Extracted data entries
◆ ◆ ◆

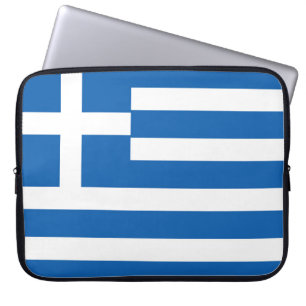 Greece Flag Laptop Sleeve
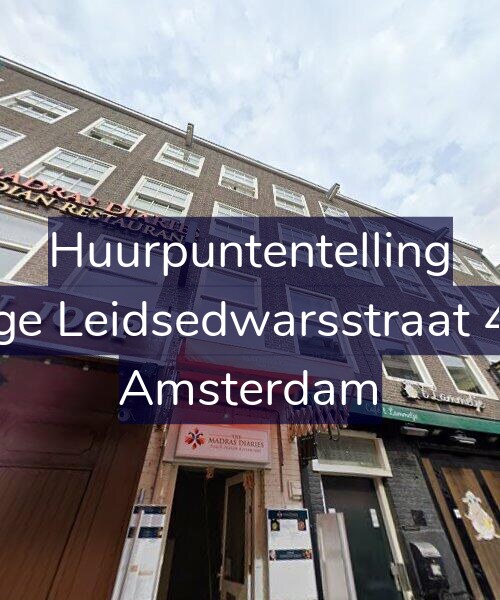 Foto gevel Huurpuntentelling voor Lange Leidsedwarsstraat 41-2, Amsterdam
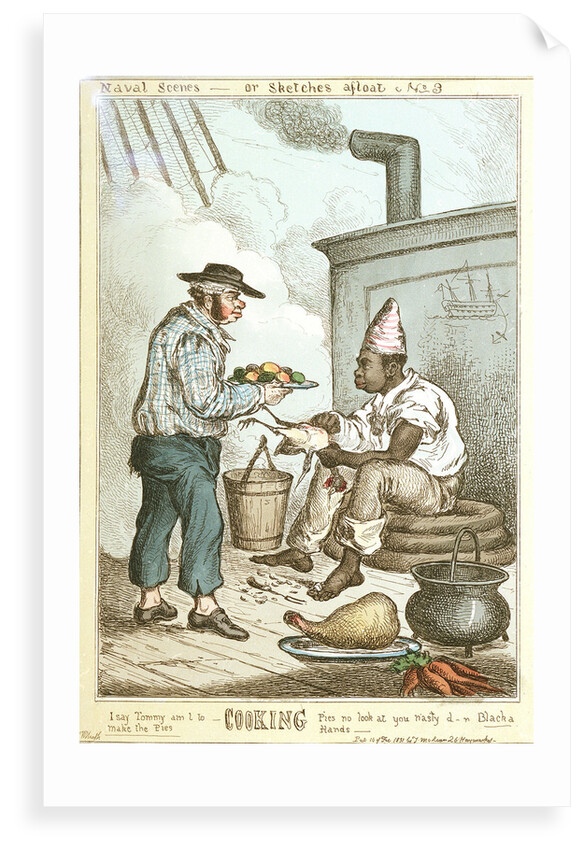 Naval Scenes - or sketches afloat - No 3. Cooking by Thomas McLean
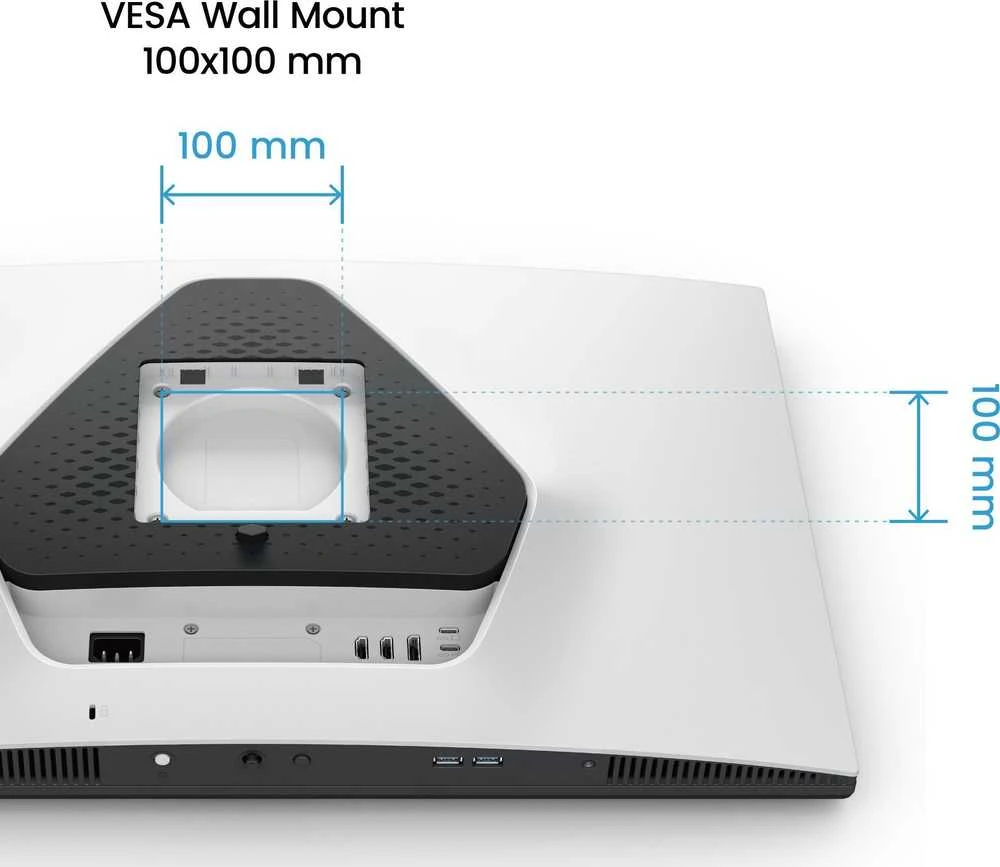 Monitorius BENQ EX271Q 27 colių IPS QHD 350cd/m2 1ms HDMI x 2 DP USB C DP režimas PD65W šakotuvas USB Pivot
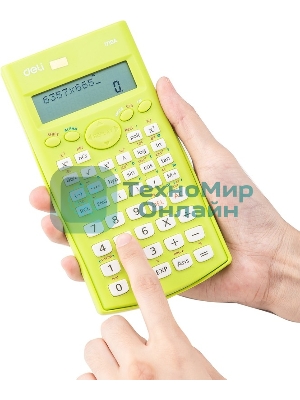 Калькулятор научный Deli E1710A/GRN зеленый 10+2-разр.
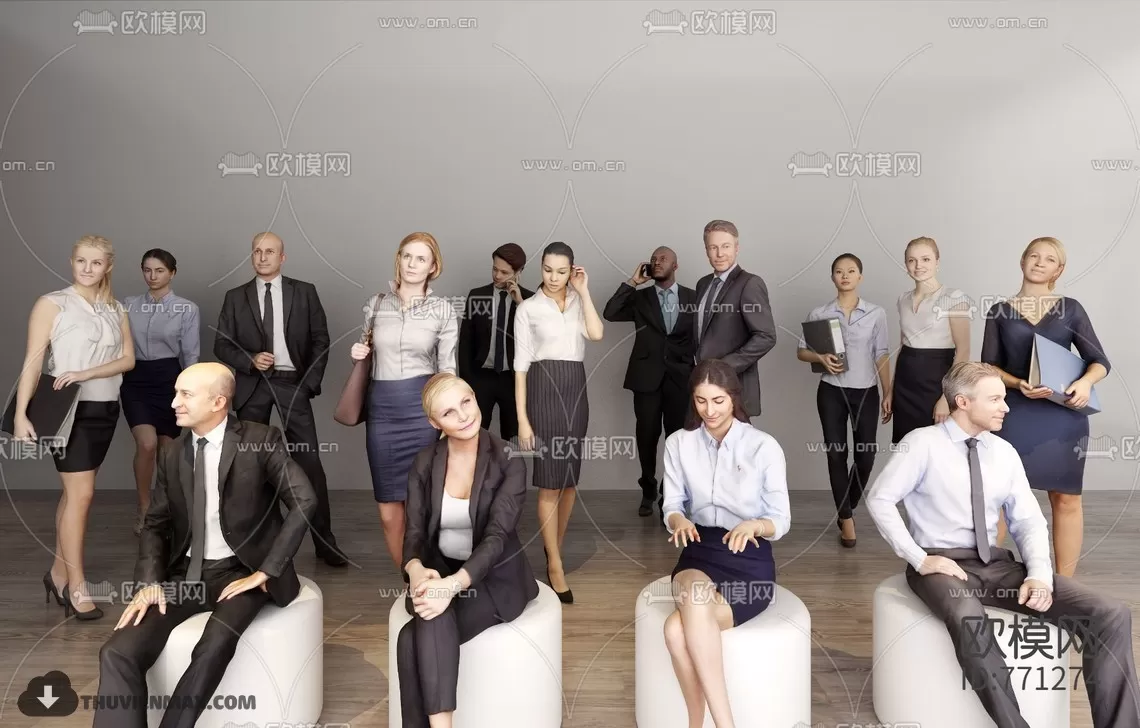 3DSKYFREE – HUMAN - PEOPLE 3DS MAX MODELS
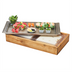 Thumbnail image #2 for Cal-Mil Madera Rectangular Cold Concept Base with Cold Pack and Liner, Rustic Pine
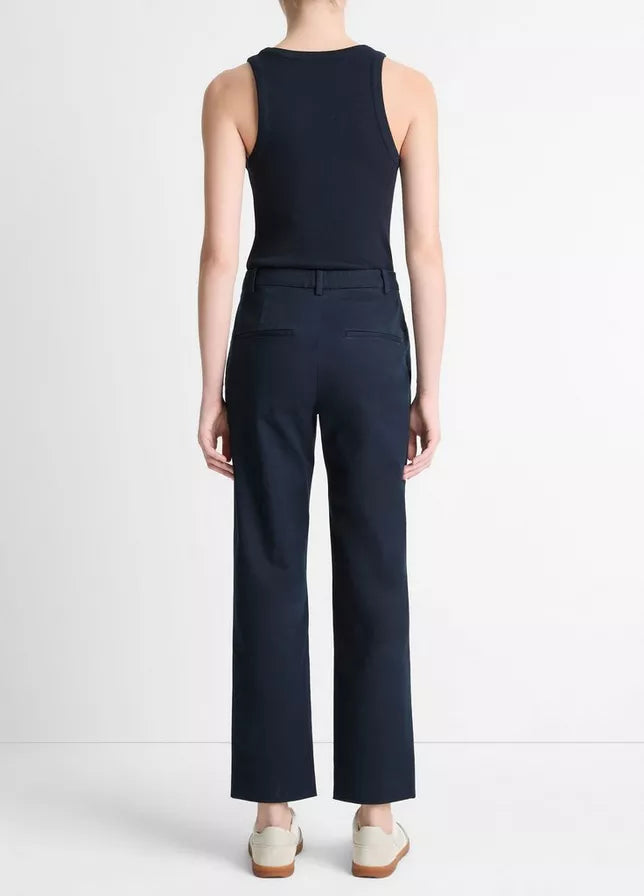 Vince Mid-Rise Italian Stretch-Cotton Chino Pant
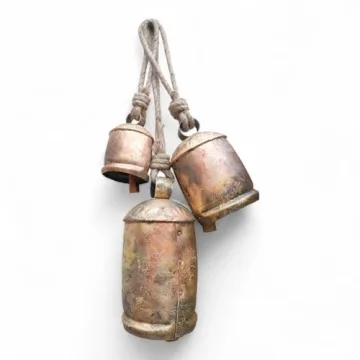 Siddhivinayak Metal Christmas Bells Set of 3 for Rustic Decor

◆ ◆ ◆

GOAL OF THE EXERCISE
Could you repeat exactly the lines from the one containing "Vince Mid-Rise Italian" to the last line of the records, both included, and leave out every picture?

YOUR SOLUTION
 Vince Mid-Rise Italian Stretch-Cotton Chino Pant
 Siddhivinayak Metal Christmas Bells Set of 3 for Rustic Decor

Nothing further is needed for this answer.